[TASK REQUIREMENTS] For the entries that follow, restate word for word the line containing "доставкой во Владивостоке", the line containing "KwestaDaKAR's tweet photo.", and every line that lies between them.

[MATERIAL FOR THIS TASK]
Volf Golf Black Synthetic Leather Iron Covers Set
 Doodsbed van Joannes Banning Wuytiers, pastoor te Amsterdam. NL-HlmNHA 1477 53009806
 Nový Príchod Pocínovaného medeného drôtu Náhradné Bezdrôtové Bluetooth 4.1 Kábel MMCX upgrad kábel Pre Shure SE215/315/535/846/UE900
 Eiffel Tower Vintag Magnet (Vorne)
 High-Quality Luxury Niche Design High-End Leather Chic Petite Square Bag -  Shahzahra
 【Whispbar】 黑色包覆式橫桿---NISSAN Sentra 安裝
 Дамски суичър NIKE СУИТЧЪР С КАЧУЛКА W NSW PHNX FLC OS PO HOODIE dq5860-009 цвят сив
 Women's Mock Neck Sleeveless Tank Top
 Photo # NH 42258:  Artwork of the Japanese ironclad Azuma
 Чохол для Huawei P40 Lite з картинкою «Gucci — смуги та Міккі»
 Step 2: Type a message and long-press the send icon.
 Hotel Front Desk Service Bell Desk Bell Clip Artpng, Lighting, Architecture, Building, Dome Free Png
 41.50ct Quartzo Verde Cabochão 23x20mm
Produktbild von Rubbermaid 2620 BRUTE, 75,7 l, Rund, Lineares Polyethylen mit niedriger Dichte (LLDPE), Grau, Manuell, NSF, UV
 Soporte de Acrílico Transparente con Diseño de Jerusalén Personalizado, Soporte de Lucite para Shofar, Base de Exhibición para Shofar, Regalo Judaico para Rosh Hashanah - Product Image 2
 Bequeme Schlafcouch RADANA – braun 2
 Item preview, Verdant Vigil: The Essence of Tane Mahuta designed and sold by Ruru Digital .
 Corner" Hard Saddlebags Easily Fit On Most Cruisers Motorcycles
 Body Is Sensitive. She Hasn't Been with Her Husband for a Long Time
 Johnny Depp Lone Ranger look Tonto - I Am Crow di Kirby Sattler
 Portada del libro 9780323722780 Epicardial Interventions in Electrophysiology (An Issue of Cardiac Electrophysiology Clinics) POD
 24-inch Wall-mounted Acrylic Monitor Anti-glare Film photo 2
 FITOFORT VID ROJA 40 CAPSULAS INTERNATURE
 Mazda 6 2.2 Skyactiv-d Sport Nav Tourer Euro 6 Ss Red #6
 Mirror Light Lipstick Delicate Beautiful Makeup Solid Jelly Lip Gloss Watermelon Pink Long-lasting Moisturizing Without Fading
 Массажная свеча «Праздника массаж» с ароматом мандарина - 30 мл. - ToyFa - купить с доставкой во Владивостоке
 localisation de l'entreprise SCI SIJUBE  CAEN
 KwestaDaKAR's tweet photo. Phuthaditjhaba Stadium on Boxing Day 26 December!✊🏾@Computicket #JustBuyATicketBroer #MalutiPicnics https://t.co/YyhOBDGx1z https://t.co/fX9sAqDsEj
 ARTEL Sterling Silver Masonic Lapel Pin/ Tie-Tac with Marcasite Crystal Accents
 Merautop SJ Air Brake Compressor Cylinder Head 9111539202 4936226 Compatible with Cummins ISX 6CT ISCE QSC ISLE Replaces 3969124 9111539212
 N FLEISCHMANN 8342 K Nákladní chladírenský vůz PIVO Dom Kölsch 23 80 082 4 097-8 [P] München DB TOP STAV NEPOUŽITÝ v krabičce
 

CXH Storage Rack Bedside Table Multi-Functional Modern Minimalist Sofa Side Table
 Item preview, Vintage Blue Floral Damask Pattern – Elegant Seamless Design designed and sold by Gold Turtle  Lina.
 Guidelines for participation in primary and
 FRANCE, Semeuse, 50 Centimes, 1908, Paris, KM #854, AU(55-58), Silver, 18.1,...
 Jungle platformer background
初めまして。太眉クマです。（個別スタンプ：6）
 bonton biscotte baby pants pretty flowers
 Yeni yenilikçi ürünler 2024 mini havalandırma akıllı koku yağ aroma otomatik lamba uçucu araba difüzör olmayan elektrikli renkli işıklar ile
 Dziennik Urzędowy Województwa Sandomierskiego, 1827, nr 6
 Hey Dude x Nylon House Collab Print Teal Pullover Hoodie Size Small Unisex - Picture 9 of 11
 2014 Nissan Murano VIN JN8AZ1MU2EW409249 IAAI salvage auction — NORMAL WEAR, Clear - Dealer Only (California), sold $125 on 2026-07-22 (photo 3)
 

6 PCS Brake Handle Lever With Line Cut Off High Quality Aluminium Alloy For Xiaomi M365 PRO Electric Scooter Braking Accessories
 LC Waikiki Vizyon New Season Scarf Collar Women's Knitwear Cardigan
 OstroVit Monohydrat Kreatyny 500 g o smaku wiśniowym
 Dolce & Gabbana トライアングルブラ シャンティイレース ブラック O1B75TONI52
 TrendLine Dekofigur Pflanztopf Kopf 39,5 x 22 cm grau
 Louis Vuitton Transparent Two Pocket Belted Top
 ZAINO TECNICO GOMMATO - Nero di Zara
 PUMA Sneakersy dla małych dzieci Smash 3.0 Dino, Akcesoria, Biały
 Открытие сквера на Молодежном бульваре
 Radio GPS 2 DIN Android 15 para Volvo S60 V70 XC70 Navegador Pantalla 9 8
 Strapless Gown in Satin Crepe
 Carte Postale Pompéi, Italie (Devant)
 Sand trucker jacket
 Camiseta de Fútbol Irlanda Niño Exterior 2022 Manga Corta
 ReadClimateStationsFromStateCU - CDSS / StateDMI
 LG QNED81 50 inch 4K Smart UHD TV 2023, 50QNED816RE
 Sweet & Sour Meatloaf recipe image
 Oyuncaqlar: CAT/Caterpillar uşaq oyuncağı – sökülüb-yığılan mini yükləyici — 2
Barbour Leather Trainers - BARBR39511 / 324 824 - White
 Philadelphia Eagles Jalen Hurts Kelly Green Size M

[SOLUTION FOR THIS TASK]
 Массажная свеча «Праздника массаж» с ароматом мандарина - 30 мл. - ToyFa - купить с доставкой во Владивостоке
 localisation de l'entreprise SCI SIJUBE  CAEN
 KwestaDaKAR's tweet photo. Phuthaditjhaba Stadium on Boxing Day 26 December!✊🏾@Computicket #JustBuyATicketBroer #MalutiPicnics https://t.co/YyhOBDGx1z https://t.co/fX9sAqDsEj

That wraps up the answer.